The Nagasaki Martyrs, 17th Century Japan

Monday, March 3, 2008

Joy

Though the fig tree should not blossom, nor fruit be on the vines, the produce of the olive fail and the fields yield no food, the flock be cut off from the fold and there be no herd in the stalls,
yet I will rejoice in the LORD; I will take joy in the God of my salvation. (Habakkuk 3:17-18, ESV)
. . . looking to Jesus, the founder and perfecter of our faith, who for the joy that was set before him endured the cross, despising the shame, and is seated at the right hand of the throne of God. (Hebrews 12:2, ESV)
May the God of hope fill you with all joy and peace in believing, so that by the power of the Holy Spirit you may abound in hope. (Romans 15:13)

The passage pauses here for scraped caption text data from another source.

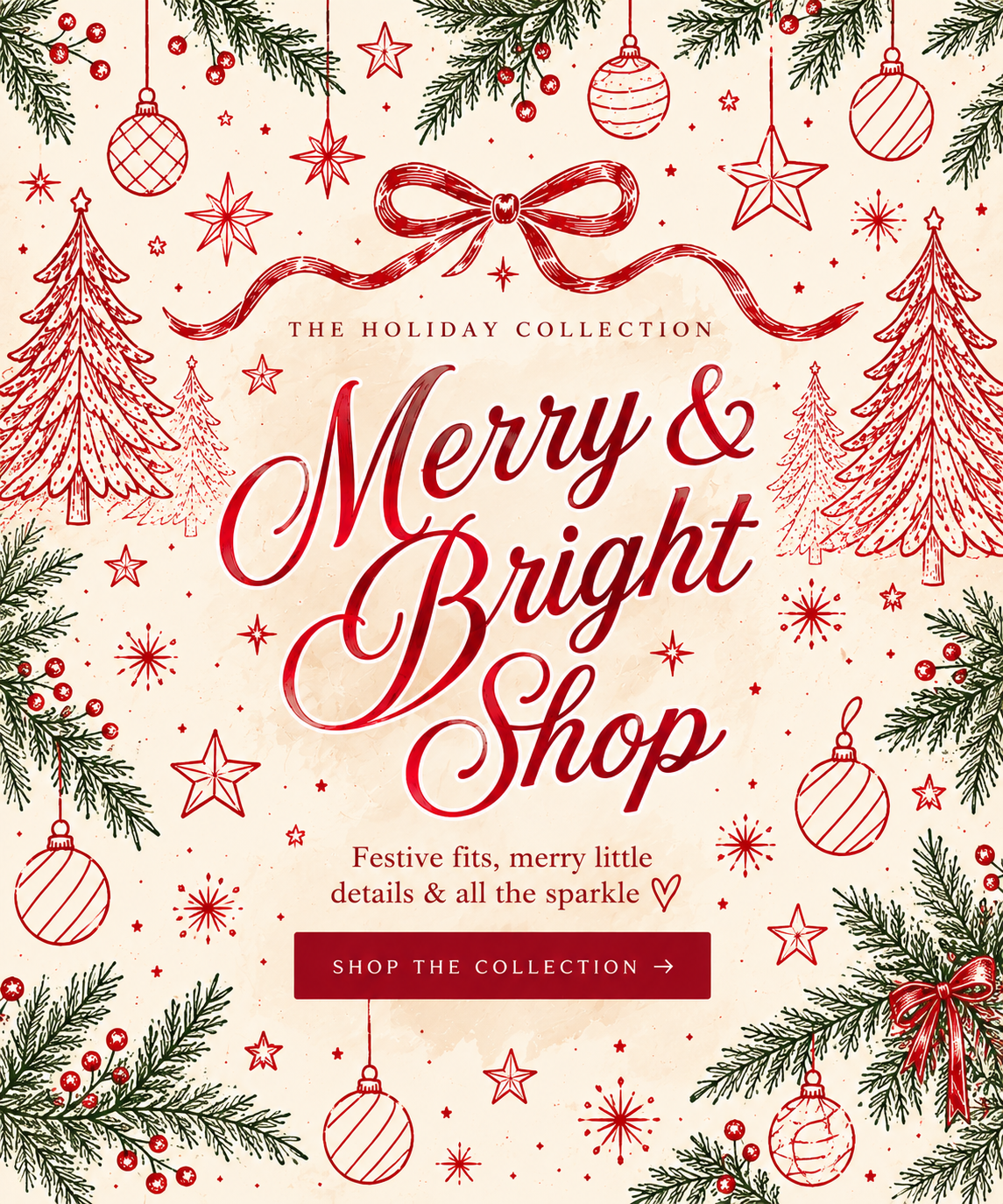 Festive fits, merry little details & all the sparkle. The Merry & Bright Shop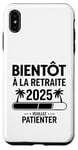 Coque pour iPhone XS Max Bientôt À La Retraite Humour idée Cadeau Retraité 2025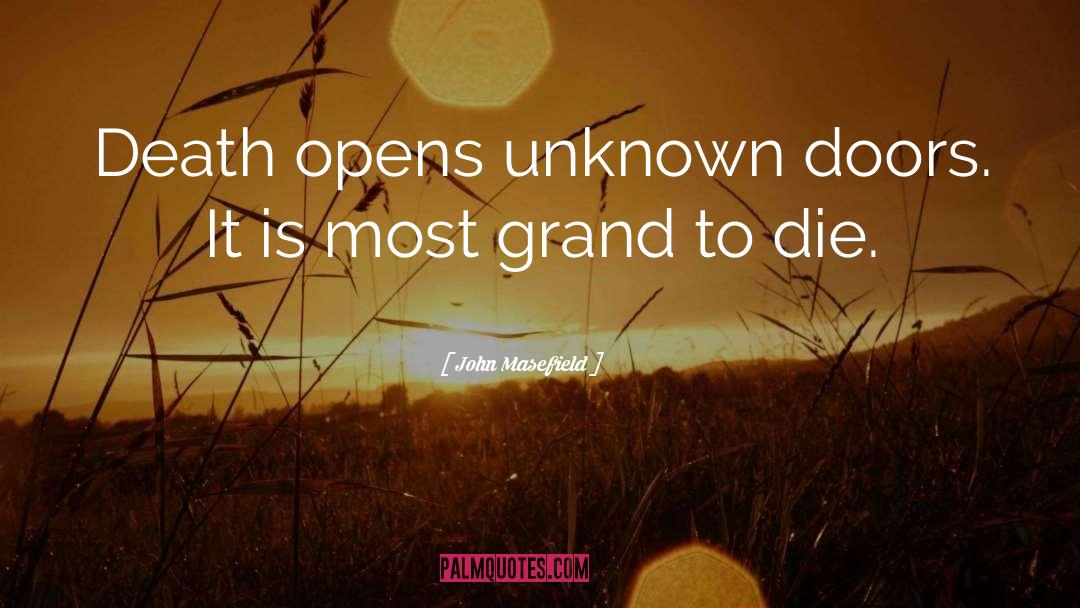 John Masefield Quotes: Death opens unknown doors. It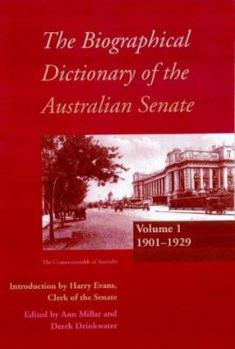Hardcover The Biographical Dictionary of the Australian Senate Volume 1: Volume 1, 1901-1929 Volume 1 Book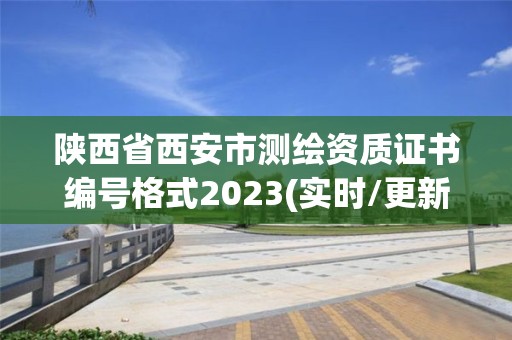 陕西省西安市测绘资质证书编号格式2023(实时/更新中)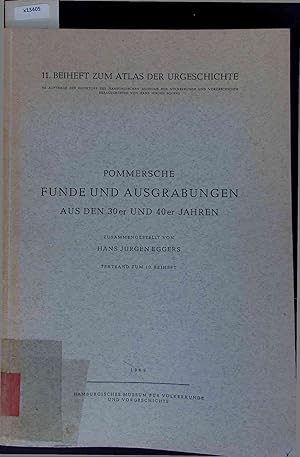 Image du vendeur pour Pommersche Funde und Ausgrabungen aus den 30er und 40er Jahren. mis en vente par Antiquariat Bookfarm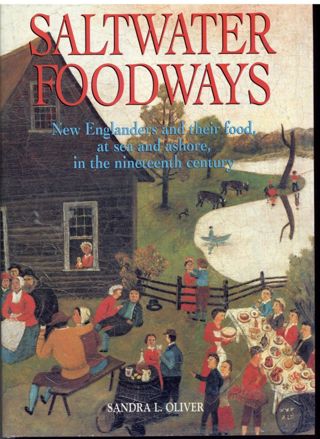Saltwater Foodways: New Englanders and their food at sea and ashore in the nineteenth century.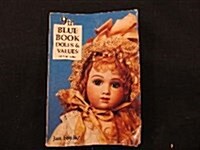 Blue Book of Dolls and Values (Paperback, 9)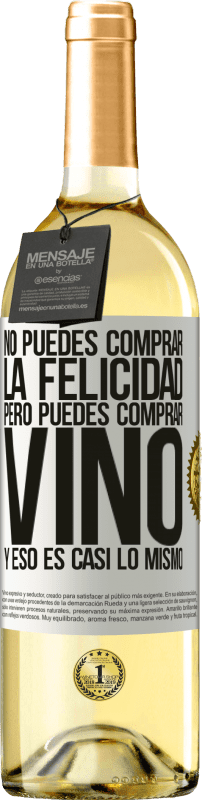 29,95 € Envío gratis | Vino Blanco Edición WHITE No puedes comprar la felicidad, pero puedes comprar vino y eso es casi lo mismo Etiqueta Blanca. Etiqueta personalizable Vino joven Cosecha 2023 Verdejo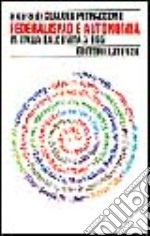 Federalismo e autonomia in Italia dall'unità a oggi libro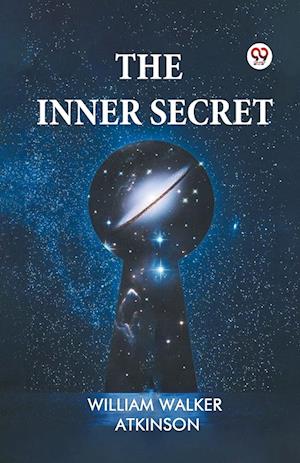 Cover for William Walker Atkinson · The Inner Secret (Paperback Book) (2025)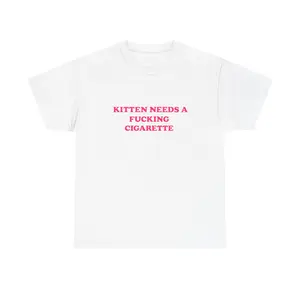 Kitten Needs a Fucking Cigarette Tee | White shirt, pink text, sarcastic slogan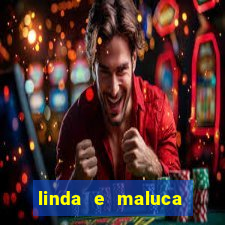 linda e maluca orochi letra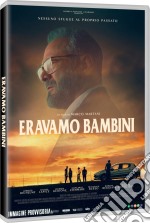 Eravamo Bambini dvd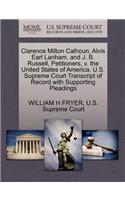 Clarence Milton Calhoun, Alvis Earl Lanham, and J. B. Russell, Petitioners, V. the United States of America. U.S. Supreme Court Transcript of Record with Supporting Pleadings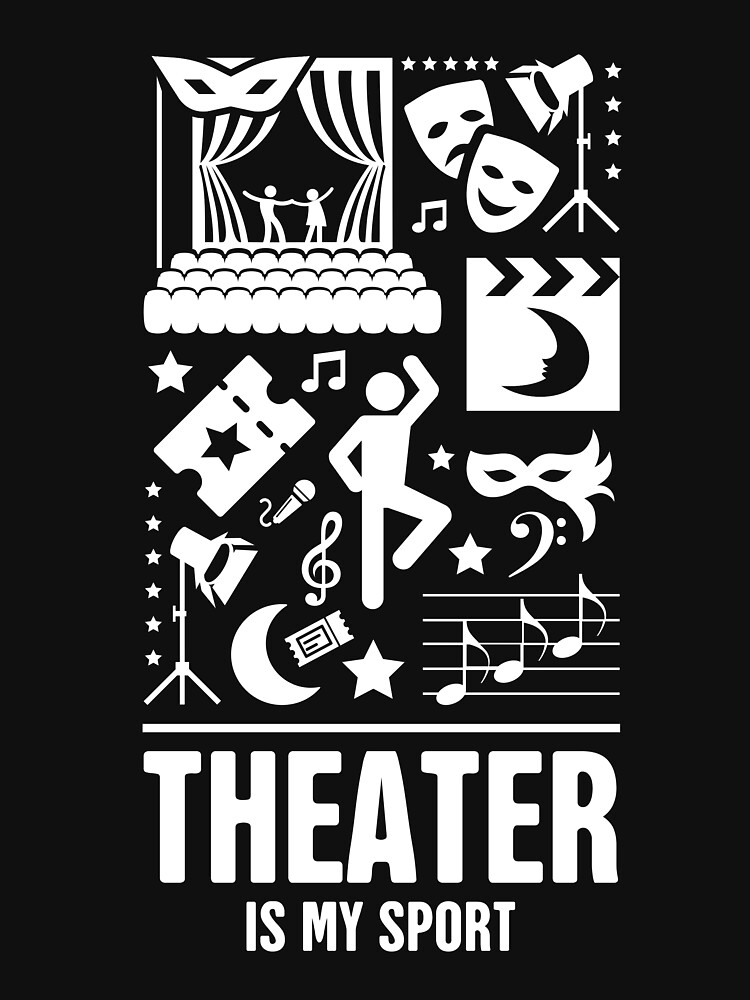 "Theater Is My Sport Drama" Tshirt for Sale by ethandirks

If there is any one thing that should mark the Christian in such a way that the world is amazed by it, it should be a sense of joy. Joy is not the same thing as happiness. The world seeks for happiness. Every commercial on TV is aimed at bringing the consumer happiness if he or she will simply buy the latest product, follow the latest fad or indulge in the latest craze. Happiness is a word that is connected to “happenstance.” If something happens and I feel that I like it, I am happy. If something happens and I feel that I don’t like it, I feel bad. That’s happiness. Joy, on the other hand, has a far deeper meaning. If you are filled with joy, you can be compared to a tea kettle: you can still whistle, even when you are up to your neck in hot water. (That is not original with me; I heard it first when I was twelve years old, when I was attending a gospel meeting.) The prophet Habakkuk states it very clearly; joy does not depend on everything going my way. He paints a very dismal outlook, a landscape that smacks of famine. Even so, he says, he will still rejoice in the Lord. “I will take joy in the God of my salvation.” That doesn’t sound like happiness.

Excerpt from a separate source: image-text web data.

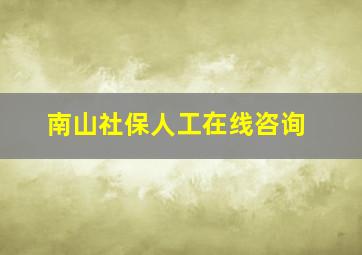 南山社保人工在线咨询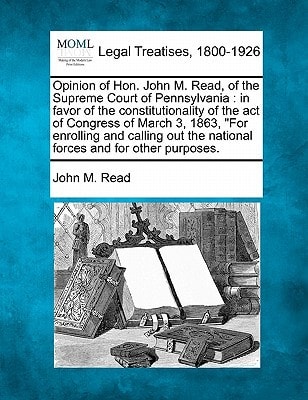 Opinion of Hon. John M. Read, of the Supreme Court of Pennsylvania: in favor of the constitutionality of the act of Congress of March 3, 1863, "For ... the national forces and for other purposes.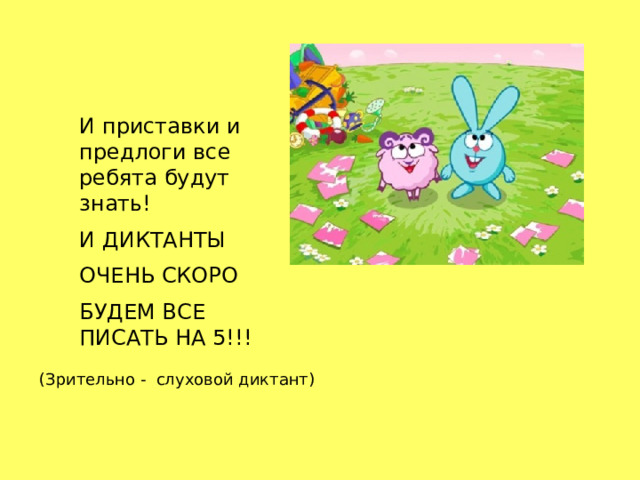 И приставки и предлоги все ребята будут знать! И ДИКТАНТЫ ОЧЕНЬ СКОРО БУДЕМ ВСЕ ПИСАТЬ НА 5!!! (Зрительно - слуховой диктант) 
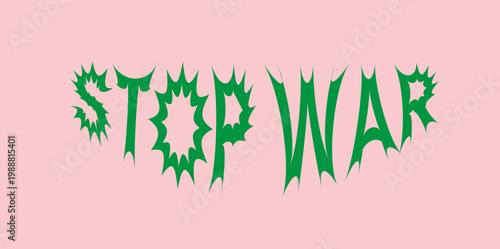 Tableau sur toile Stop War anti-war message in green jagged typography, pacifist protest slogan on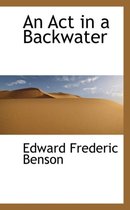 An ACT in a Backwater
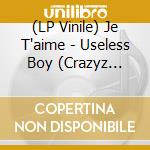 (LP Vinile) Je T'aime - Useless Boy (Crazyz Edition) vinile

The Christian is a person who is filled with joy just knowing the Lord. Do you ever tell God that you love Him? We have a hard enough time telling our family members that we love them, let alone telling our Father in Heaven that we do. Can you just say, “Father, I love you. Jesus, I love you.” Did I forget to mention the Holy Spirit? Well, He’s busy interpreting everything we say to God into words that God can completely understand. He even does that with groaning, according to the writer of Romans. I have heard Christians groan and I have done a bit of that myself, to be honest. But my groans don’t begin to compare with the groans that the Holy Spirit utters on my behalf before the Father. Do you love God?
Can you love God when the world around you seems to be falling apart? Do you love Him when you lose your job or your house (more and more a reality these days)? Do you love Him when a loved one falls ill and life suddenly changes? Do you love Him when He takes a loved one from this earth? Those events don’t sound like the harbingers of happiness, do they? But we should be filled with joy. Why? Because Habakkuk says He is the God of our salvation. Habakkuk even says he will rejoice in the Lord. Rejoice means to have joy again. In Matthew, chapter 5, Jesus said this to His disciples: "Blessed are you when others revile you and persecute you and utter all kinds of evil against you falsely on my account. Rejoice and be glad, for your reward is great in heaven, for so they persecuted the prophets who were before you.” (Matthew 5:11-12, ESV) I don’t know about you, but I find it very difficult to rejoice, to be filled with joy again, when people say terrible things about me. I have had people say nasty things about me because I am a Christian. I have mostly lived in areas of the world where being a Christian is not culturally acceptable. And this is increasingly the situation in North America. Even governments get in on the action. There are those in power who would like to strip preachers of the right to perform marriages or penalize them monetarily should the preachers refuse to perform weddings for same-sex couples. Cities pass by-laws prohibiting the building of new church buildings. We do not live in the blissful era of days gone by when Christianity was considered the major moral force for society.
Christians must learn to be filled with joy in every event, in every situation. It is when we learn, as Jesus did, to be obedient, even unto death, that we will begin to understand the cross. It is when we are willing to live our lives incarnadine, as though we were on our way to execution, that the message of the cross and our Savior Jesus Christ will shine so brightly that the world will be utterly amazed. If first century Christians were accused of “turning the world upside down,” it is because they were willing to die for what they believed. And they counted it all joy to do so. Are we up to the test? Where will we stand? A dying world needs to hear a living message, the sweet news of the gospel of Jesus Christ, the One who died for everyone in the world.